[EXERCISE DATA]:
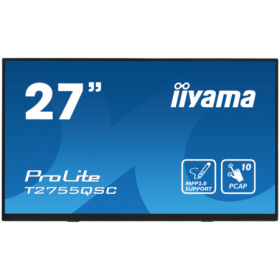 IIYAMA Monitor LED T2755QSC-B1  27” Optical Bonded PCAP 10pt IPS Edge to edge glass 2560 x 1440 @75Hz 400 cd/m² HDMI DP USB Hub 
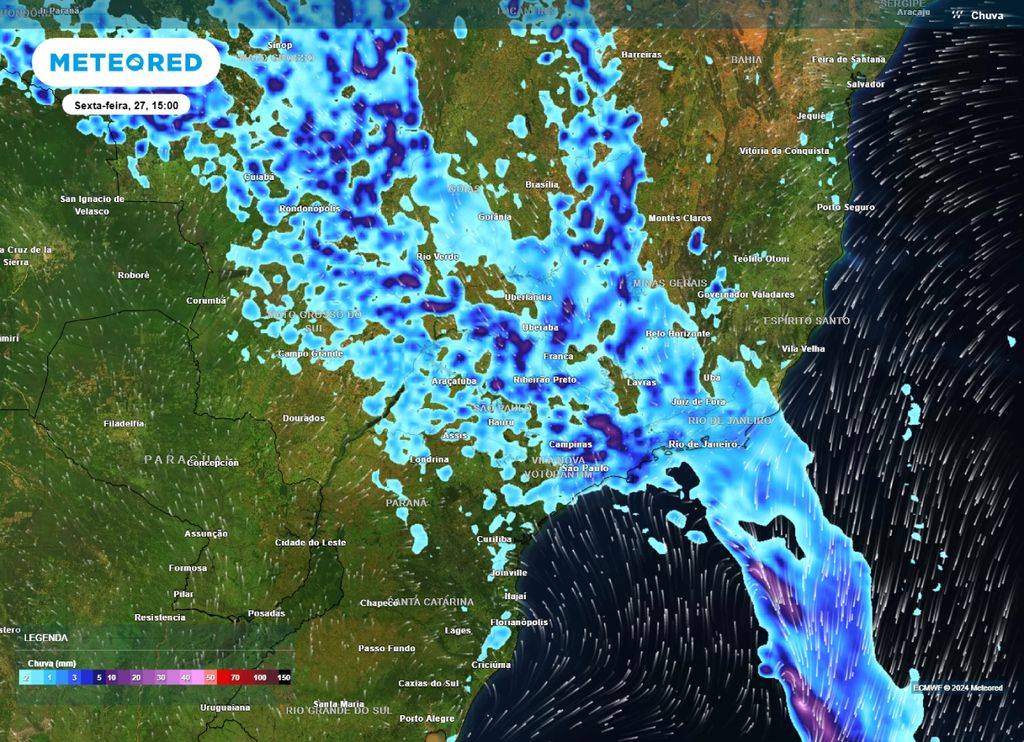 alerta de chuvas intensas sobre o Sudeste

* * *

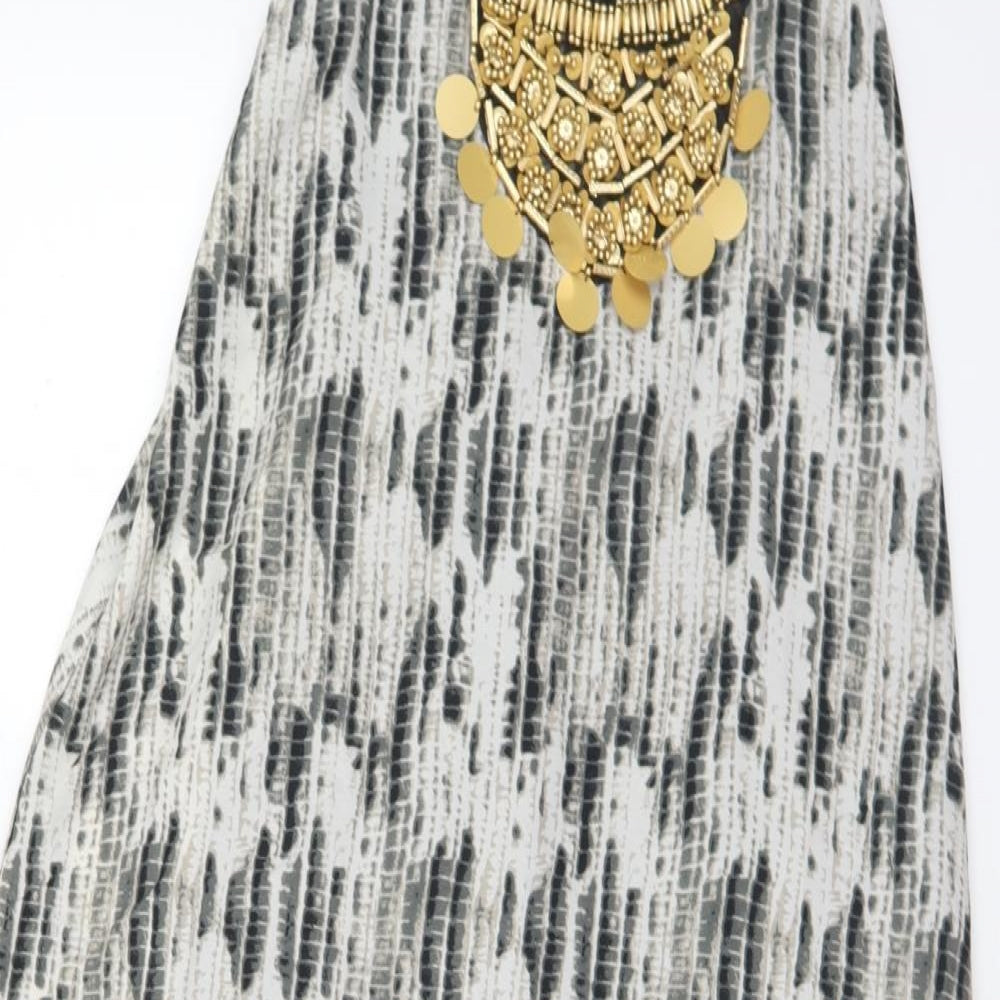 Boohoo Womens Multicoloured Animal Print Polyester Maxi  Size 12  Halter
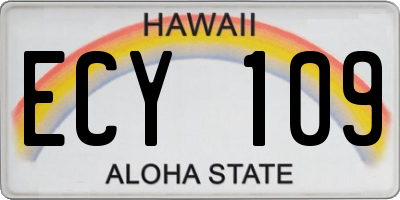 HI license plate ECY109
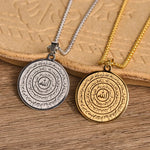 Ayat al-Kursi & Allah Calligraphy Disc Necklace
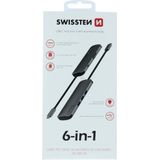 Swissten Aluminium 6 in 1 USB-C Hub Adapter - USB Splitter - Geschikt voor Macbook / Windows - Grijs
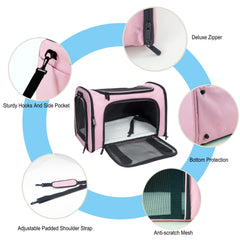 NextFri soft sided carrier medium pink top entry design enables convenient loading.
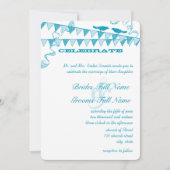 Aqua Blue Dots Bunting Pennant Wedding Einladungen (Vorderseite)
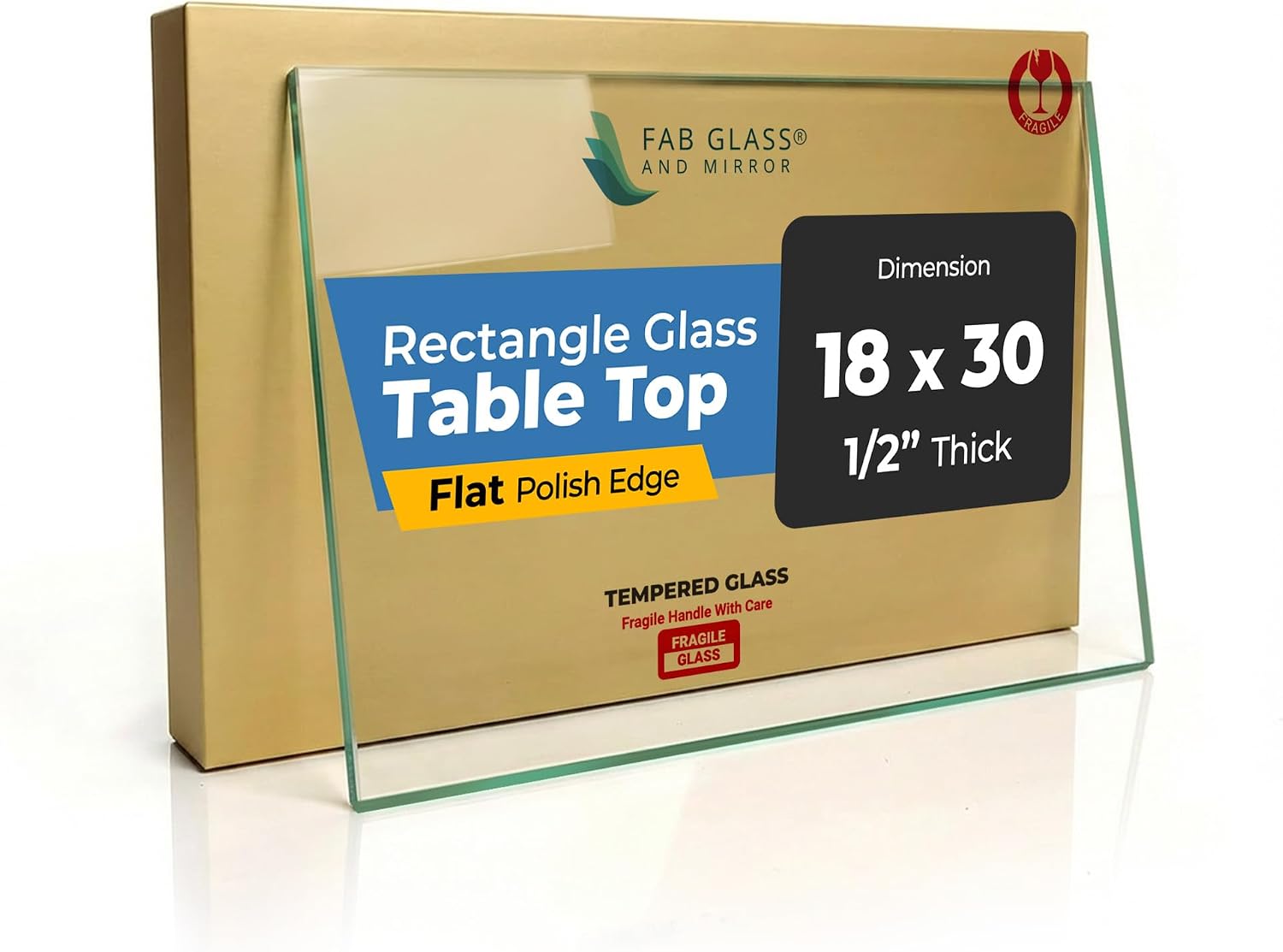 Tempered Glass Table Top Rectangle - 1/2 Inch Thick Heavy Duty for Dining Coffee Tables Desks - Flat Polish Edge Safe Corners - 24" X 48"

[REQUIREMENT]: Your answer should consist of the lines above between those holding "Boohoo Womens Multicoloured" and "Tempered Glass Table", inclusive, reproduced word for word and without pictures.

[RESULT FOR THIS TASK]:
 Boohoo Womens Multicoloured Animal Print Polyester Maxi  Size 12  Halter
 HI license plate ECY109
 Ayat al-Kursi & Allah Calligraphy Disc Necklace
 Swissten Aluminium 6 in 1 USB-C Hub Adapter - USB Splitter - Geschikt voor Macbook / Windows - Grijs
 NextFri soft sided carrier medium pink top entry design enables convenient loading.
 Aqua Blue Dots Bunting Pennant Wedding Einladungen (Vorderseite)
 Tempered Glass Table Top Rectangle - 1/2 Inch Thick Heavy Duty for Dining Coffee Tables Desks - Flat Polish Edge Safe Corners - 24" X 48"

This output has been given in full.